Maybe that was it. My mother’s quite religious, in a superstitious Irish-Catholic kind of way, and when she could she would haul me into a corner and browbeat some holy story into me, and warn against sin in general. Having the Busby Babes taught to me like a rosary felt very similar. It put me off, but at the same time if I found myself doubting United, I would start to feel guilty, and then I would repent – or something.

Anyway, I spent my first football season in Manchester trying to be a United fan, but actually going to Maine Road more often than Old Trafford. I couldn’t have explained it at the time, but I think it was because I knew instinctively that City were the real thing. There was something ersatz about United. Old Trafford was bigger, the crowd were noisier and stars like Best and Charlton were undoubtedly bigger stars than Lee or Bell, but somehow… I needed something to help me make my mind up, and at the beginning of the following season two things happened which brought things to a head. I was finally enrolled at a local grammar school, and my father started to go to games with me.

At school in Manchester you don’t support Everton. Thankfully, by this time, I’d almost completely forgotten about the toffees, so I had no problems on that score. But, inevitably, I was faced with a choice: I could be cool, or I could be hard. United were the hard choice. I played it cool, and I got a kicking from the cock of the fourth year for my pains. That kicking – theatrical black eye, torn jacket, swollen lip and bruised ribs – wasn’t really talked about at home, but afterwards my dad bought season tickets at both grounds and we went and sat together in the stands for the rest of the season.

I think my dad was actually quite relieved when I turned out not to be much of a tough guy. He’d been a rugby league pro for while after the war, and in his early days in the hotel trade he’d done some of his own bouncing. However, he was always cool as ice in a confontation. I took after my mother, all Irish temper but, in those days, no muscle to speak of. So my Dad obviously decided that I needed looking after, from myself as much as anyone else, and that’s what he did.

I am not one of those supporters who mourns the end of Kops and ends. I enjoyed sitting in the stands, and I enjoyed having the best of both worlds. And from these elevated positions I was able to watch the football and the ritual and everything else that went on, and the longer I watched the more I knew it would be City for me.

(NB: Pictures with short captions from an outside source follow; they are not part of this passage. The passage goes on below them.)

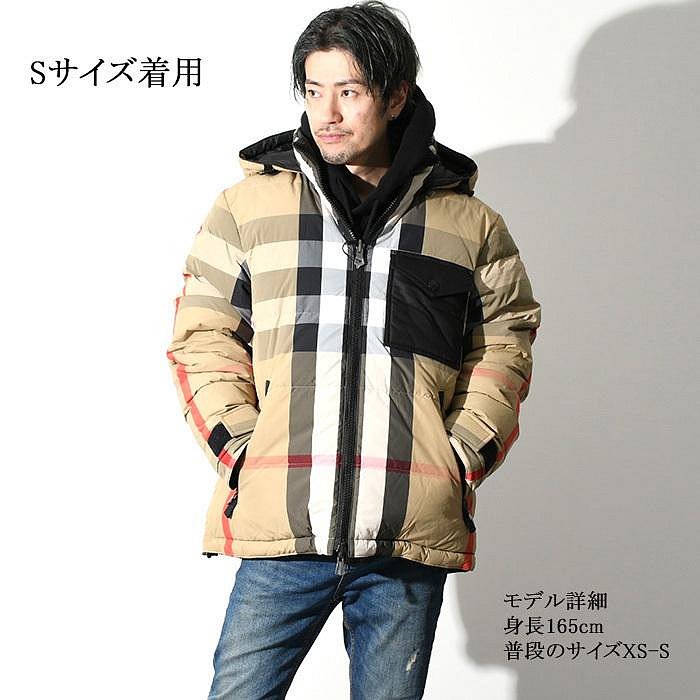 💎Han's house精品服飾💎Burberry 格紋 連帽可拆 防水 羽絨外套 雙面穿 現貨 XS ~ M 原價69000-2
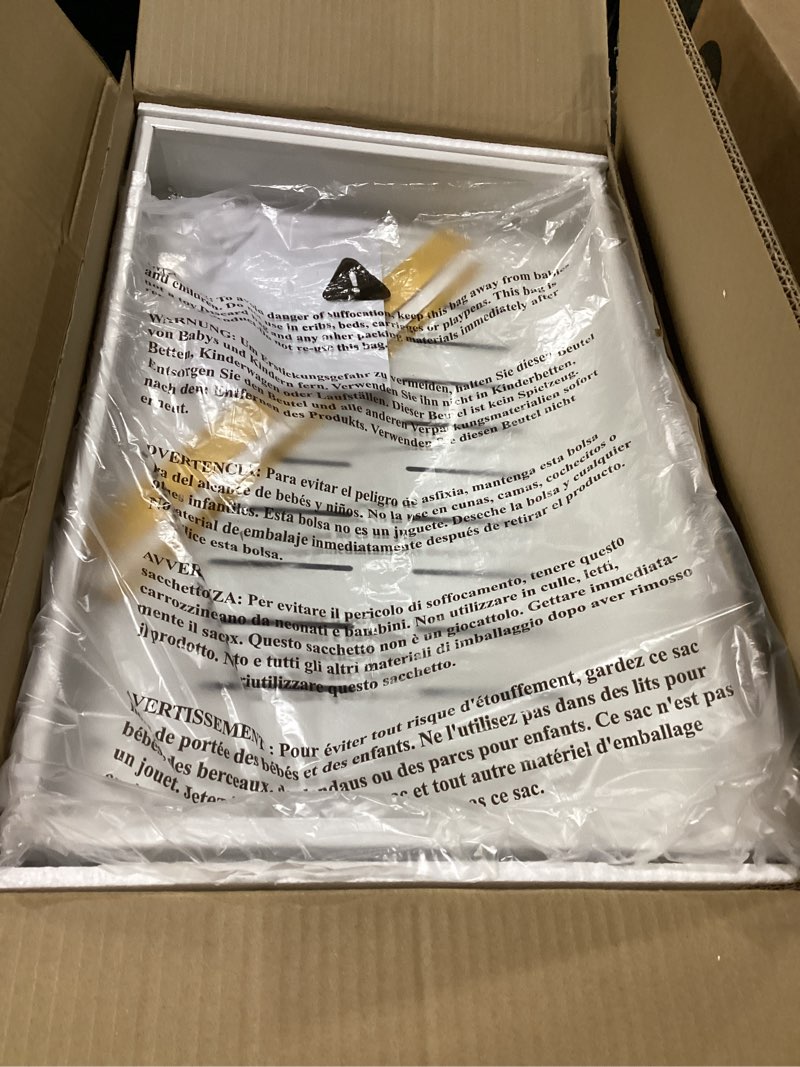 Condition photo showing New/Like New for 2Pack Pull out Cabinet Organizer, 21"Deep, Heavy Duty Full-extension Slide out Drawers for Kitchen Cabinet, Roll out Shelf Storage with Nano Adhesive for Pots, Bathroom, Pantry, Home, White White 13.8"Wide-21"Deep (2Pack?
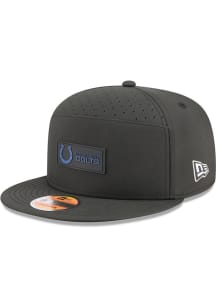 New Era Indianapolis Colts Black 2025 NFL Sideline 9FIFTY Split Panel Mens Snapback Hat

It wasn’t just because they were better than United in those days – it was how they were as much as what they were. City had style, wit, humour – they had class. United? Well, as the all the knots came undone it wasn’t pretty. The whining, the peevish jeers, the fighting and the ridiculous last charge onto the pitch after Law’s back-heel (yes – I was there). What a circus! My Dad turned to me then and said “we won’t bother coming here anymore”, and we didn’t.

Could it have been different? If City has gone down, would I have given up our seats behind the goal in the Maine Road north stand? I don’t think so. That season, shuttling between Maine Road and Old Trafford, I’d always been more comfortable in Maine Road. In fact, as I got comfortable at Maine Road so too I think, did I become comfortable in Manchester to the point where now, despite having spent barely three years of my life in the City, I still think of myself as a Mancunian and, of course, a City fan.

It’s nearly 20 years since a I went to a City home game, almost exactly 20 years since I saw Rodney Marsh score the most magical goal it is still my privilege to have ever seen, and it is more than 20 years since I was beaten up for the first and only time in my life (I hope). I still don’t trust United supporters, I still think Rodney Marsh is an international symbol of genius, and I still think Maine Road is home to the best football club in the world. And I always will.